How do I crawl an entire website with Firecrawl?
Firecrawl provides a powerful /crawl
endpoint that allows you to crawl entire websites efficiently. Unlike single-page scraping, the crawl endpoint automatically discovers and follows links, respects robots.txt, and returns structured data from all pages on a domain. This guide covers everything you need to know about crawling entire websites with Firecrawl.
Understanding Firecrawl's Crawl Endpoint
The Firecrawl /crawl
endpoint is designed specifically for crawling multiple pages from a website. When you submit a crawl request, Firecrawl:
- Starts from the provided URL
- Automatically discovers links on the page
- Follows internal links within the same domain
- Converts HTML to clean markdown format
- Extracts metadata from each page
- Returns structured data for all discovered pages
This makes it ideal for tasks like documentation scraping, content migration, SEO analysis, and building knowledge bases from entire websites.
Basic Website Crawl with Python
Here's how to crawl an entire website using Firecrawl's Python SDK:
from firecrawl import FirecrawlApp
# Initialize the Firecrawl client
app = FirecrawlApp(api_key='your_api_key_here')
# Start crawling a website
crawl_result = app.crawl_url('https://example.com', params={
'crawlerOptions': {
'limit': 100, # Maximum number of pages to crawl
}
})
# Process the results
if crawl_result['success']:
for page in crawl_result['data']:
print(f"URL: {page['url']}")
print(f"Title: {page['metadata']['title']}")
print(f"Content: {page['markdown'][:200]}...")
print("---")
This basic example will crawl up to 100 pages starting from the specified URL, following internal links automatically.

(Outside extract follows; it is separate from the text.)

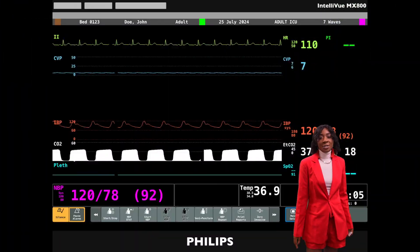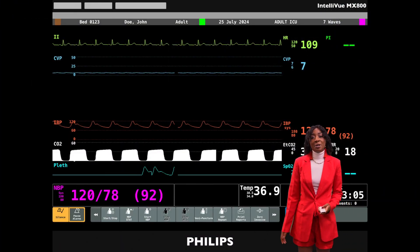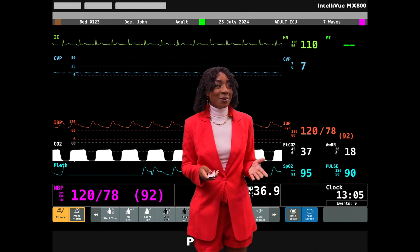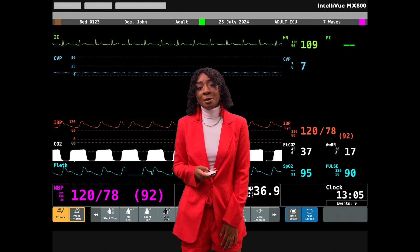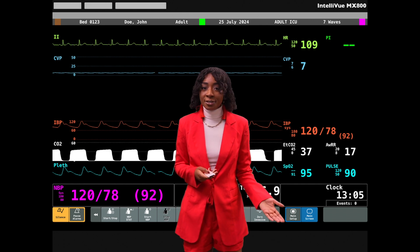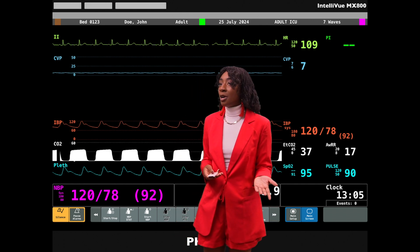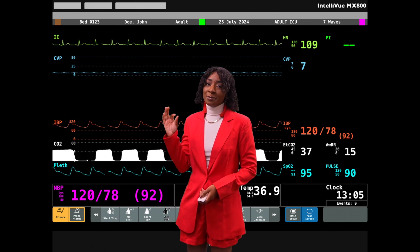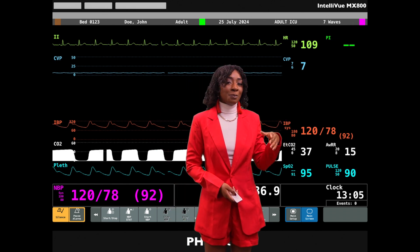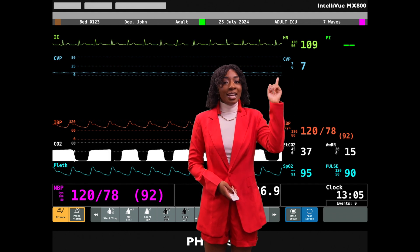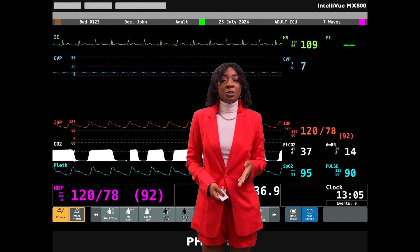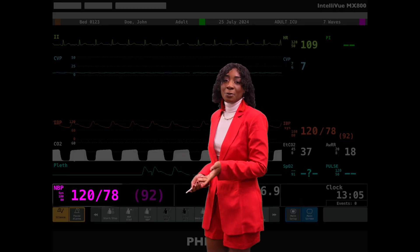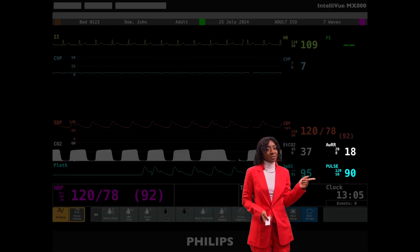I'll first give you the general layout of the monitor. When you enter a patient's room, you will likely encounter something like this. Unfortunately, the positions and colors of the parameters are not standardized, so you may get variation from monitor to monitor. The labels for the different vitals can be quite small, so it's important to look at both the number and the tracing. In general, you'll see the heart rate at the top, blood pressure at the bottom, and your pulse ox and respiratory rate are usually in the middle.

Crawling Websites with JavaScript/Node.js
For JavaScript developers, Firecrawl offers a Node.js SDK with similar functionality:
const FirecrawlApp = require('@mendable/firecrawl-js').default;
async function crawlWebsite() {
const app = new FirecrawlApp({ apiKey: 'your_api_key_here' });
try {
const crawlResult = await app.crawlUrl('https://example.com', {
crawlerOptions: {
limit: 100,
excludePaths: ['admin/*', 'api/*'],
includePaths: ['docs/*', 'blog/*']
}
});
console.log(`Crawled ${crawlResult.data.length} pages`);
crawlResult.data.forEach(page => {
console.log(`URL: ${page.url}`);
console.log(`Title: ${page.metadata.title}`);
console.log('---');
});
} catch (error) {
console.error('Crawl failed:', error);
}
}
crawlWebsite();
Advanced Crawl Configuration Options
Firecrawl provides extensive configuration options to control crawl behavior:
Limiting Crawl Scope
crawl_params = {
'crawlerOptions': {
'limit': 50, # Maximum pages to crawl
'maxDepth': 3, # Maximum link depth from starting URL
'excludePaths': [
'admin/*',
'login',
'*/comments/*'
],
'includePaths': [
'blog/*',
'docs/*'
]
}
}
result = app.crawl_url('https://example.com', params=crawl_params)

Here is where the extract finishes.